According to Bloomberg and several local media reports, Prime Minister Boris Johnson had a "very difficult" call with German Chancellor Angela Merkel on Tuesday morning.
Merkel reportedly insisted that the EU27 would never agree to a Brexit deal that didn't include a backstop arrangement that would keep Northern Ireland in the customs union.
Johnson told German Chancellor Angela Merkel a Brexit deal is essentially impossible if the EU demands Northern Ireland should stay in the bloc’s customs union.

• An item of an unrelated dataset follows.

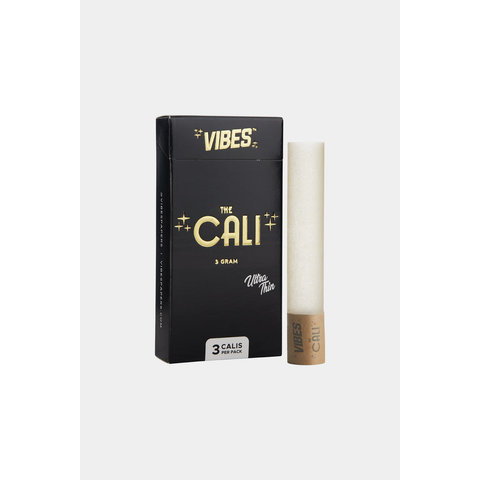 The Cali by Vibes 3 Gram Ultra Thin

An irritated Johnson reportedly replied that if this was non-negotiable, then a deal would be "effectively impossible." Around this time, a senior official in Johnson's government texted reporters to let them know that his government was preparing for talks to collapse.

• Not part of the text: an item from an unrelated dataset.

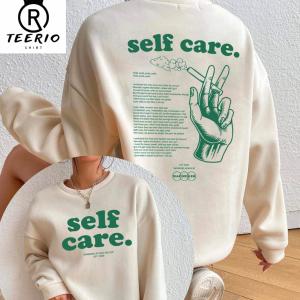 Self Care Shirt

According to the BBC, phrases like "overwhelmingly unlikely" were also thrown around.
MPs will publish updated no-deal Brexit planning documents later on Tuesday, as talks teeter on the brink of collapse.
Johnson is hoping that he will be able to hammer out a final deal during an upcoming EU Council meeting on Oct. 17 and 18.
With the odds of a no-deal exit at the end of this month on the rise, the pound tumbled 0.5%.
Labour was, unsurprisingly, quick to criticize Johnson, denouncing the remark as a "cynical attempt to sabotage the negotiations." Shadow Brexit secretary Sir Keir Starmer said Johnson "will never take responsibility for his own failure to put forward a credible deal," and called on Parliament to "unite to prevent this reckless government crashing us out of the EU."
Little progress has been made in the days since Johnson unveiled his alternative Brexit plan, which focused on replacing the so-called backstop, the policy negotiated by Theresa May and the EU to prevent a hard border returning to the island of Ireland, which has long been a sticking point.
After the call with Merkel, a No. 10 source accused the EU of being "willing to torpedo the Good Friday agreement" by rejecting Johnson's plan.
Meanwhile, the UK revamped the tariffs it plans to levy on Eu goods after a no-deal Brexit following warnings that an earlier plan risked making domestic producers uncompetitive.
Germany confirmed that a call between Johnson and Merkel did take place, but they're refusing to confirm any details from the call.